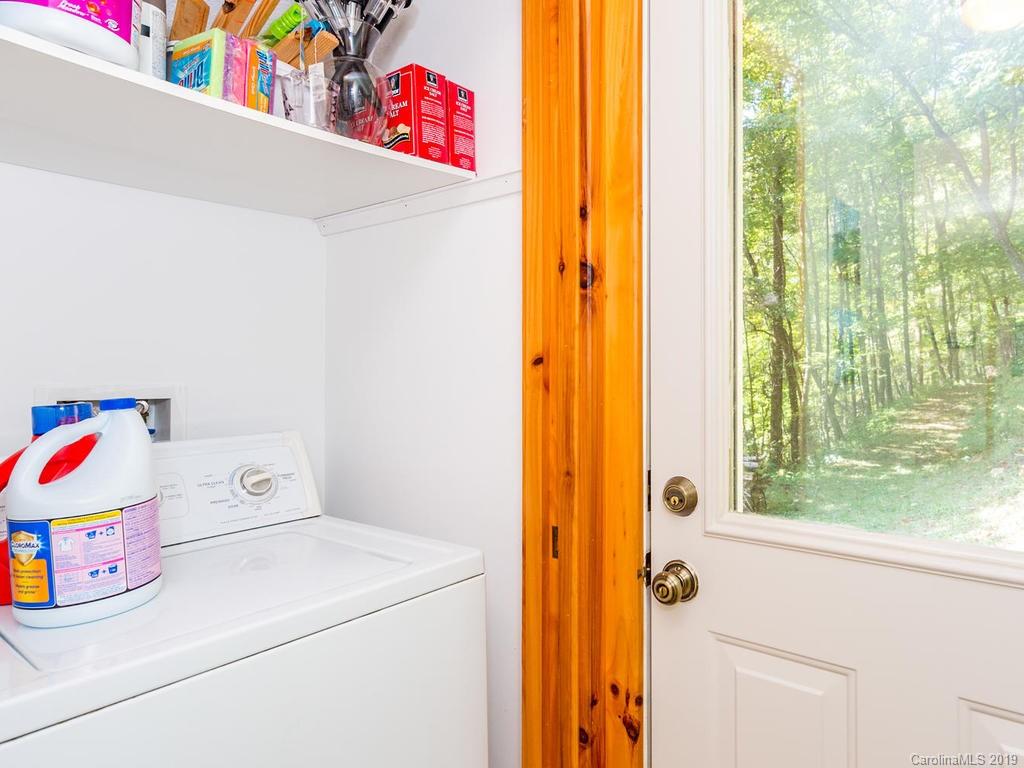 1299 Pine Ridge Road Burnsville, NC 28714 - Photo 19 of 41 a utility room with dryer and washer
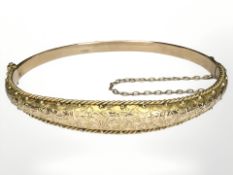 A 9ct gold hinged bangle CONDITION REPORT: 7.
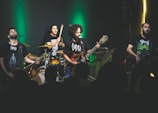 A band is performing on stage with dim lighting and a green spotlight behind them. The musicians, consisting of a drummer, two guitarists, and a bassist, are passionately engaged in their performance. They are wearing dark band-themed t-shirts, and the audience is visible in the foreground as silhouettes.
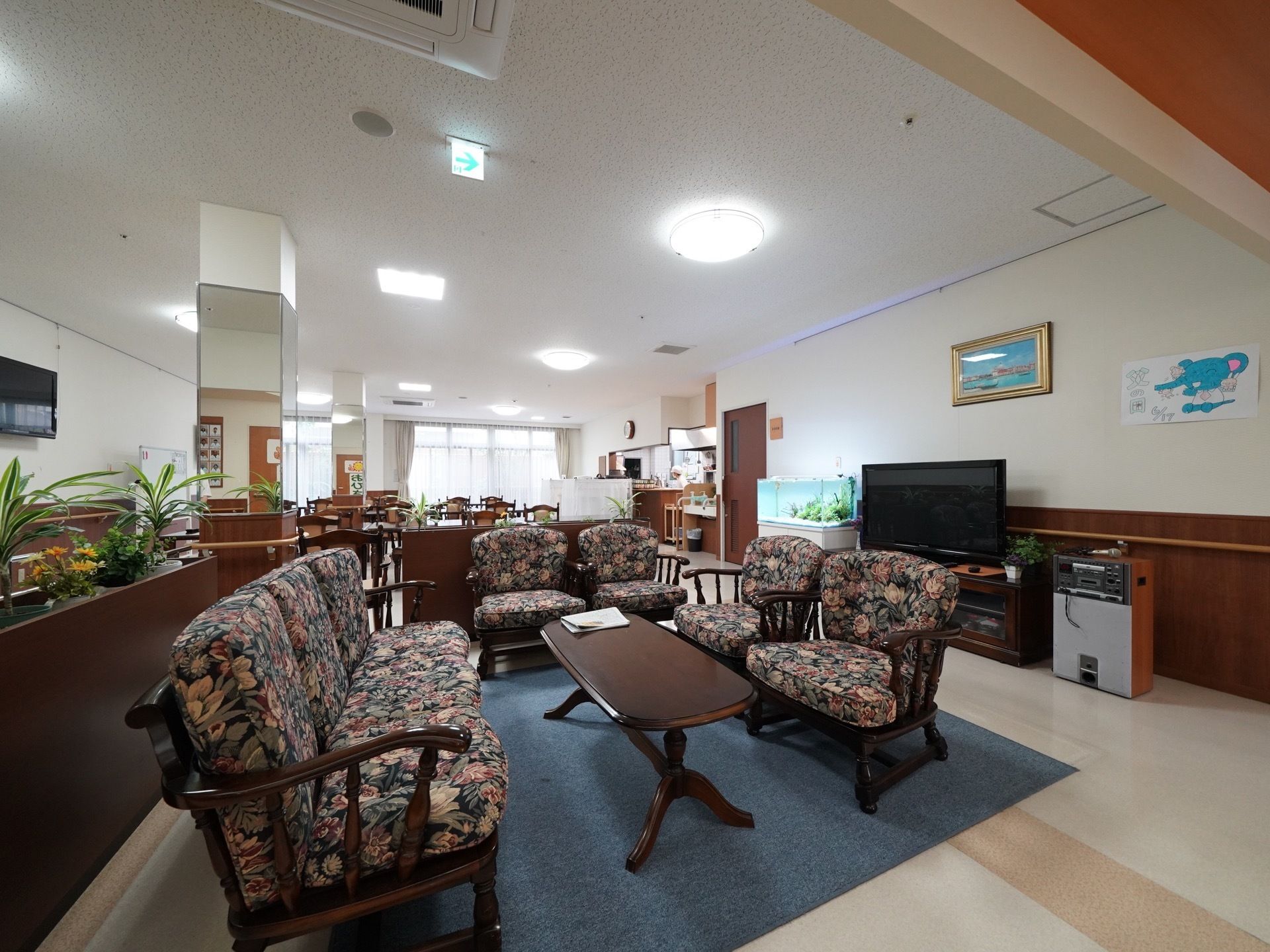 玄関ホールの真ん中あたりにグレーの絨毯が敷いてあり、その上にテーブルとソファーが置いてある。右側の壁には、絵が掛けてある。
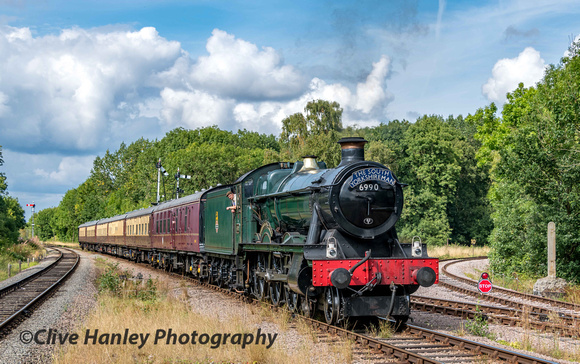 6990 Witherslack Hall restarts away from its stop on the reservoir bridge with the lunchtime dining train.
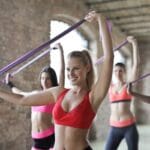 Women exercising with resistance bands in a well-lit rustic studio, promoting fitness and health. Saúde, comida. food.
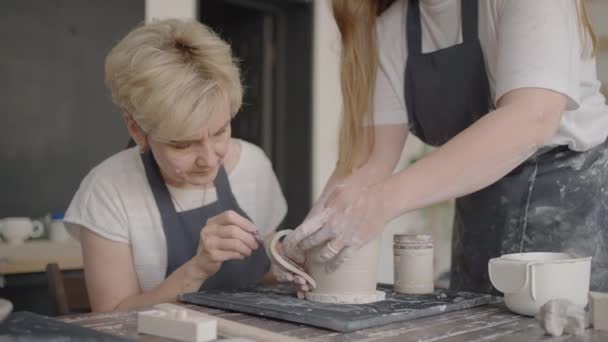 Tre ældre mennesker arbejder på et pottemagerhjul i slowmotion – Stock-video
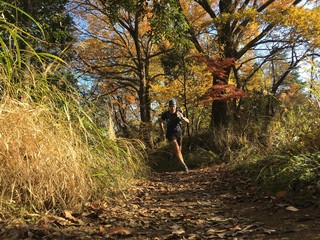 Autumn leaves and man running on country trail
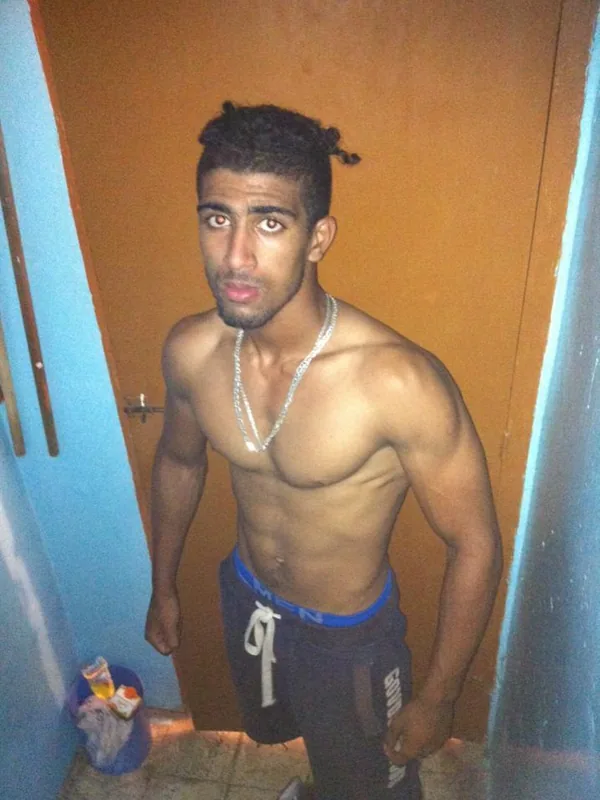 Homme torse nu portant un collier et des shorts, debout dans un couloir aux murs bleus et porte marron.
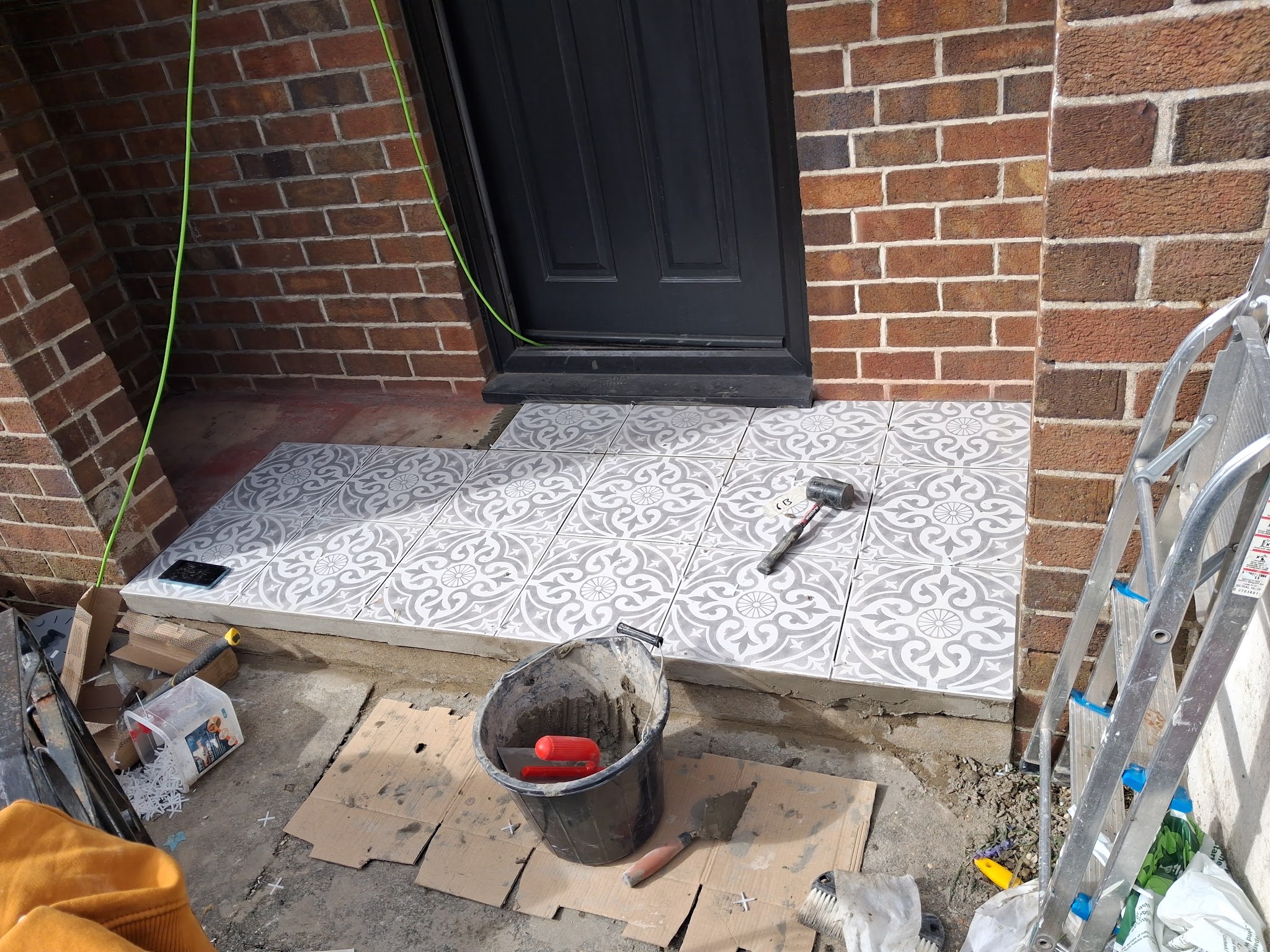 Patterned grey and white tiles being laid on a front step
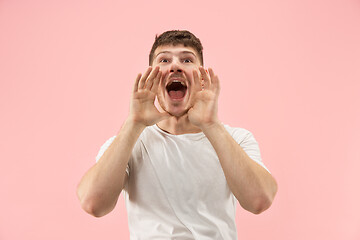 Image showing Isolated on pink young casual man shouting at studio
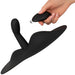 The VibePad 3 Ride On Hands-Free Humping Vibrator with G-Spot Probe by Orion, a black wearable personal massager with a curved base and a protruding stimulator, is being controlled by a hand holding a wireless remote control.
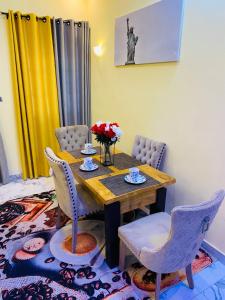 a dining room with a wooden table and chairs at Résidence GOUDJA 2 in Cotonou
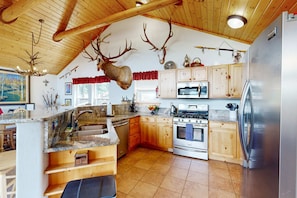 A kitchen with wooden cabinets, a stainless steel refrigerator, and a deer head mounted on the wall. - El Camino Real Retreat - Views, Hot Tub & Pets Ok (Angel Fire)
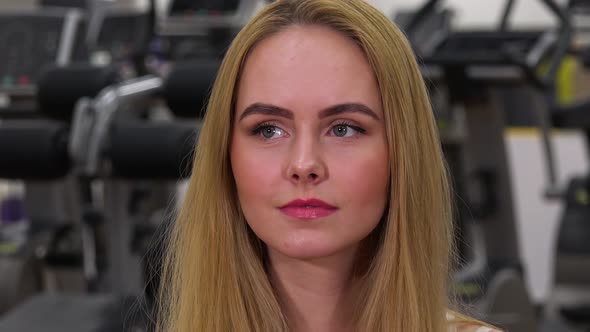 A Young Beautiful Woman Looks Around in a Gym - Face Closeup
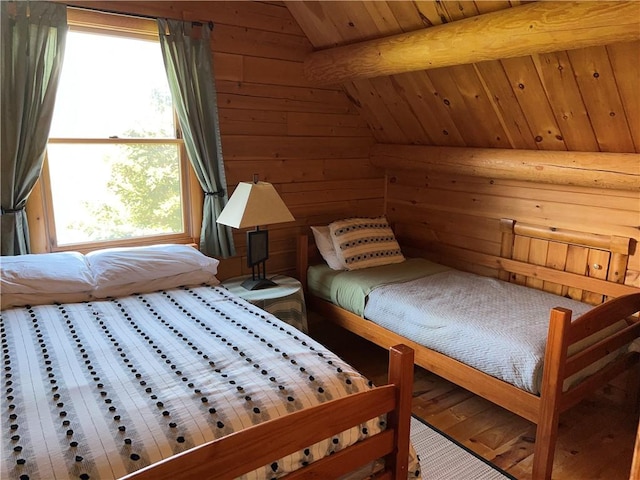 bedroom featuring hardwood / wood-style floors, wood walls, lofted ceiling, and multiple windows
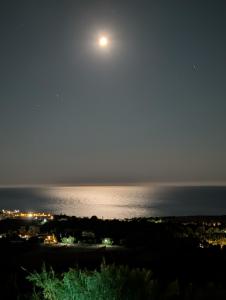 a full moon over the water at night at Villa Thea Ferienhaus mit Meerblick auf Kefalonia in Sarláta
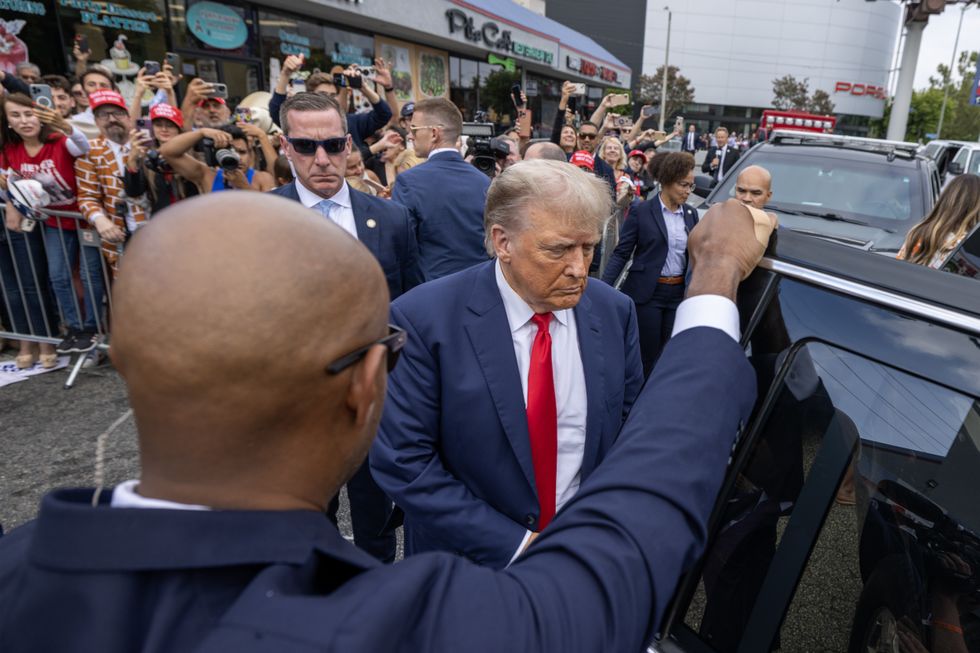 Donald Trump leaves after greeting fans outside a Carvel Ice Cream and Cake Shop during the California GOP convention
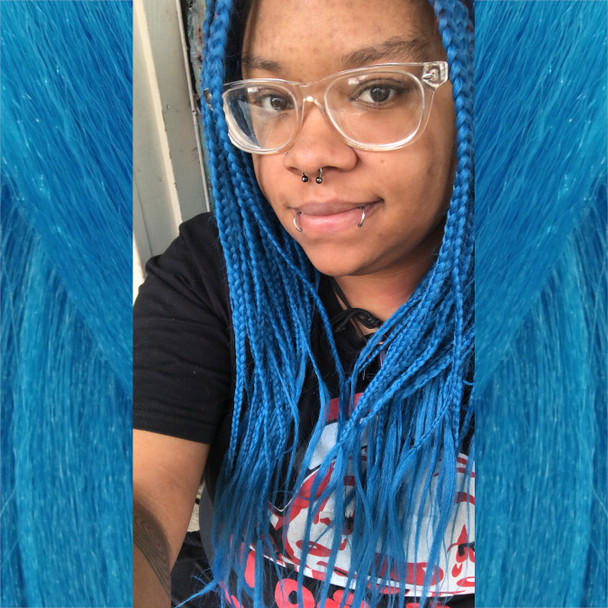 Sydni wearing braids in Blue Teal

WORK TO BE COMPLETED:
Every line from the one with "bedroom featuring hardwood" through the one with "Donald Trump leaves" is to be reproduced exactly as written above, and the pictures are to be dropped.

ANSWER FOR THIS EXERCISE:
 bedroom featuring hardwood / wood-style floors, wood walls, lofted ceiling, and multiple windows
 a full moon over the water at night at Villa Thea Ferienhaus mit Meerblick auf Kefalonia in Sarláta
 Donald Trump leaves after greeting fans outside a Carvel Ice Cream and Cake Shop during the California GOP convention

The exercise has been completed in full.